The Columbia County Chamber of Commerce demonstrated its regard for Duehring a couple of years ago by naming him its Lifetime Achievement winner. And Duehring can always be counted on to lend a hand, or a buck or two, for causes big and small.
So even though Columbia County lost another business last week when the Raising Cane's location on Furys Ferry Road closed, the sting is eased somewhat by knowing that one of Duehring's Zaxby's restaurants is just a few blocks away. (And there might soon be another Zaxby's nearby; apparently Duehring is buying the Cane's property on Washington Road in Augusta.)
But the real reason I have a hard time shedding a tear over Raising Cane's closing?
The oak trees.
Let's take a trip back through ancient history, shall we?
It was long ago, way back in the fall of '05 - as in 2005, which is eons ago when measured by fast-food standards - that the first Raising Cane's restaurant opened in our community.
Columbia County had the distinction of landing the area's first outpost of the Louisiana-based franchise, which features a short menu consisting almost entirely of chicken fingers.
When the restaurant opened, I wrote a column asking two questions:
1. How can a restaurant that serves just chicken fingers survive? (We now know this answer, at least around here: It can't - not these days, anyway.)
The second question:
2. What happened to all those oak trees nearby?
Starting to remember now? See, it really wasn't that long ago, was it?
When Raising Cane's opening was imminent, someone involved with the chain happened to notice the row of beautiful oak trees standing in front of the Publix shopping center where the new restaurant was opening.
Rather than seeing majestic oaks, however, this particular person saw leaves blocking motorists' view of the Cane's sign. He asked a county employee if those pesky trees could be hacked down - and that employee said, "Duh, OK."
A passerby noticed the foliage carnage and blew the whistle, but by then seven of the oaks had been felled. Tempers flared, fingers wagged, and eventually the seven stumps were dug up and replaced with new - though considerably smaller - oak saplings.
Four years later, driving by the shopping center, past the now-empty Raising Cane's building, you'll notice a row of nine oak trees: seven the same size, with the two survivors of the Tree Massacre of '05 standing taller at one end.
It seems those trees got the last laugh after all.

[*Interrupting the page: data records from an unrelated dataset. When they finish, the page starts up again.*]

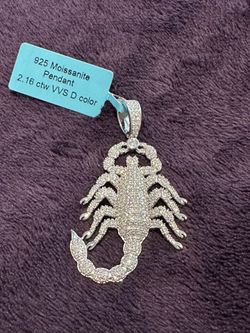 Solid 925 Silver Moissanite Scorpion Pendant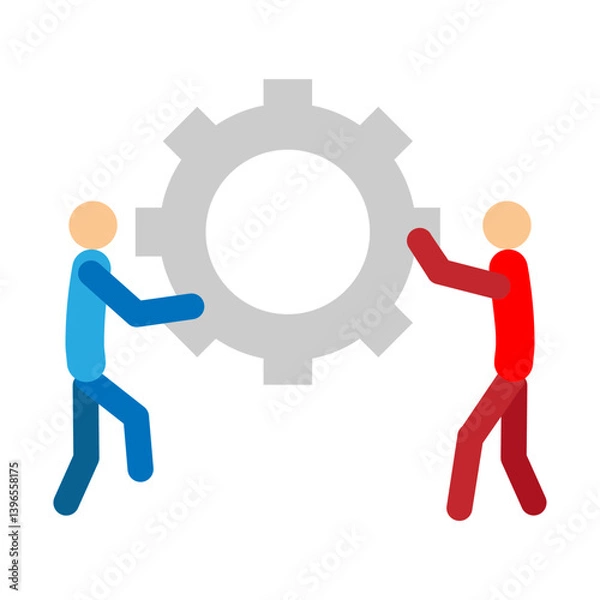 Fototapeta Teamwork Vector Flat Icon Design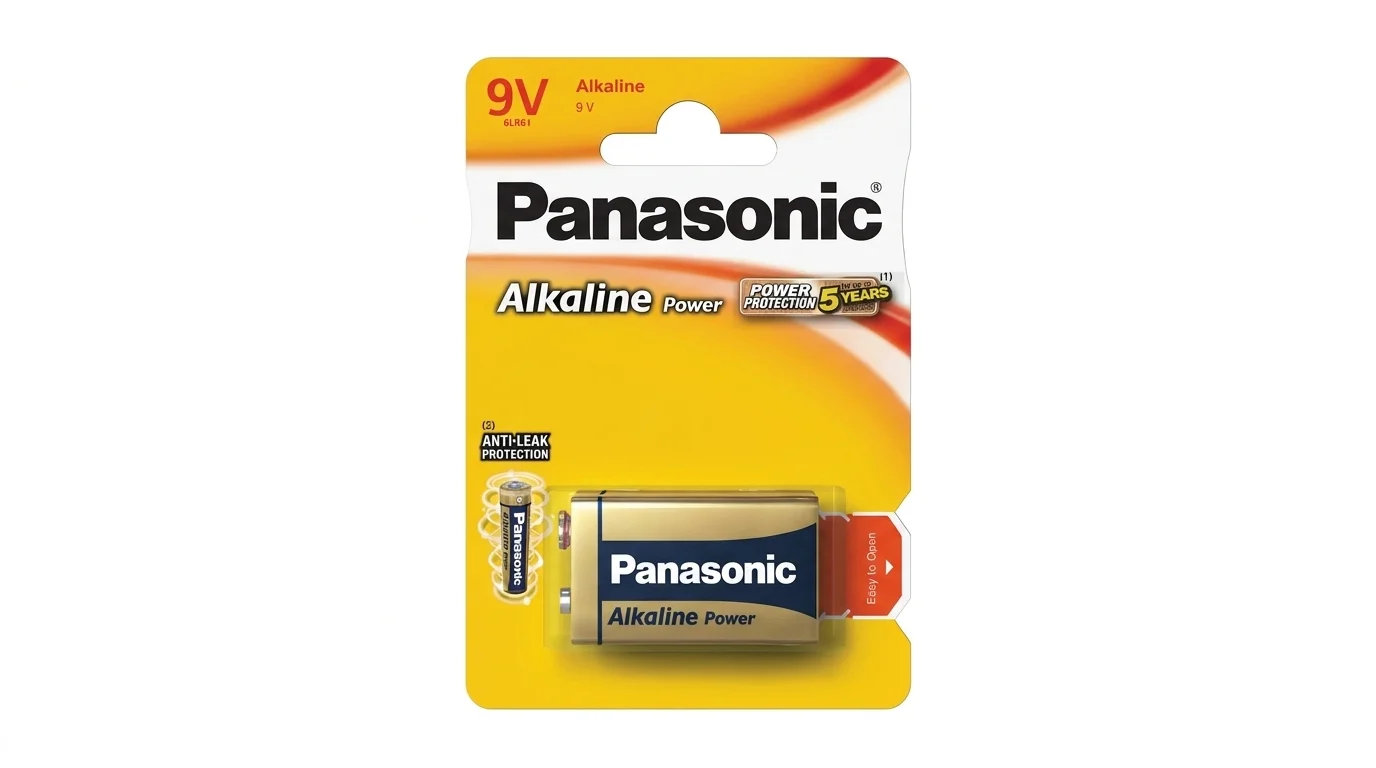 Alkalická 9V baterie Panasonic Alkaline Power v blistrovém balení.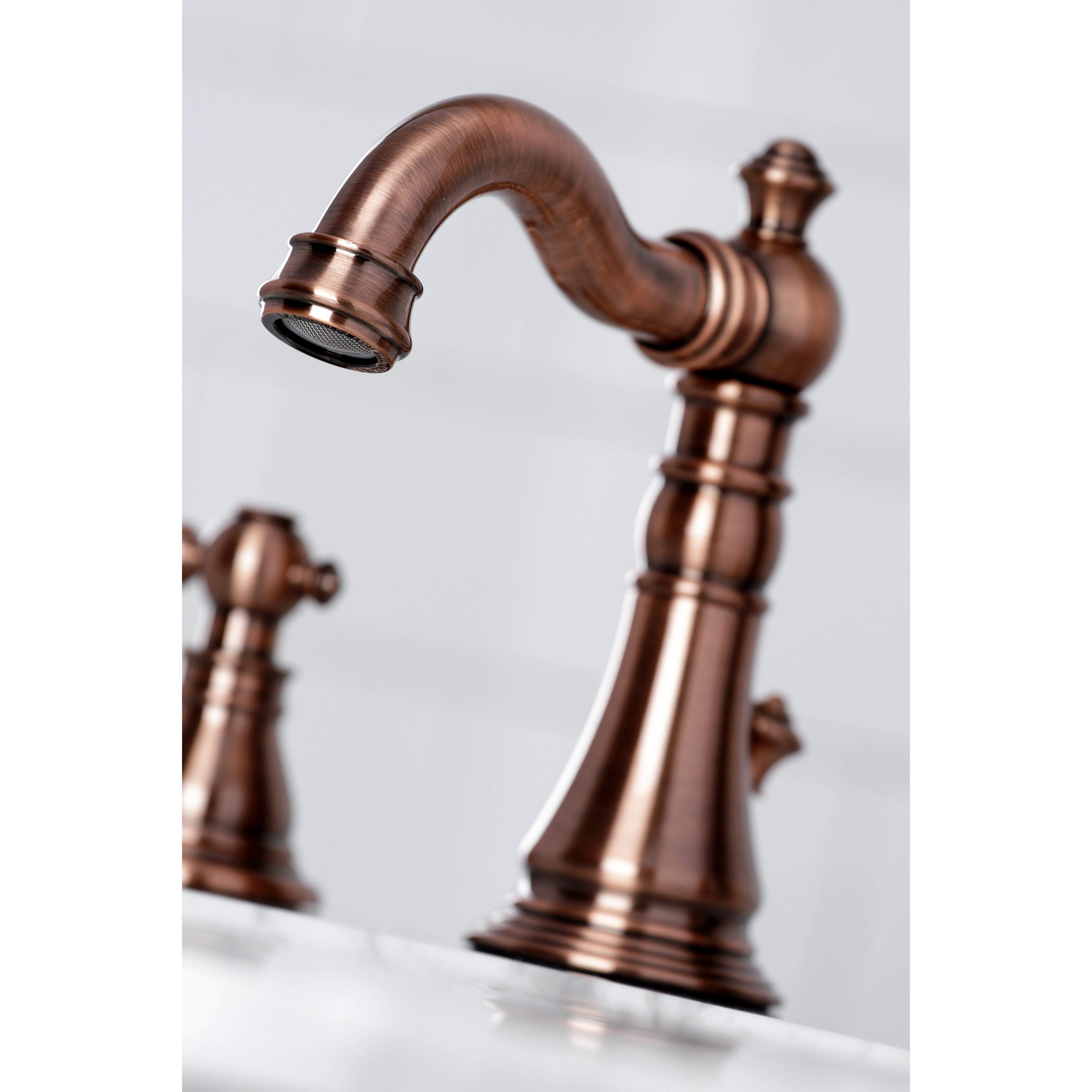 Kingston Brass Fauceture FSC197ACLAC American Classic Widespread Bathroom Faucet, Antique Copper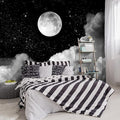 -Gray Galaxy Universe Moon Fabric Wallpaper Ceiling Starry Night White Clouds by YIHWM-PurchaseNow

Incidentally, after the Loco's restaurant across the street from Cane's closed a while back, it followed what seems to be a pattern in Columbia County: It became a Mexican restaurant. Pablano's will open a second location at Loco's soon.
The first Pablano's opened in the defunct Twisted Chicken Cafe site on Evans-to-Locks at Town Center Drive. Before that, El Kiosko in Grovetown opened in a former Wife Saver.
Just recently, a Mi Rancho took over the former Khalid's Cafe in Evans, and nearby, Salsa's is opening soon in the former Patagonia Grill location.
And for really ancient historians, the original Monterey in Martinez used to be a Del Taco franchise.
So: We're pretty sure the empty Augusta Cane's will become a Zaxby's. Anyone want to bet on what the Martinez Cane's building will become?
And wouldn't it be really funny if it was a second location for Harlem's Acorn Restaurant?
By the way: If you're wondering what's now under construction on Belair Road next to Cracker Barrel, it's a Burger King.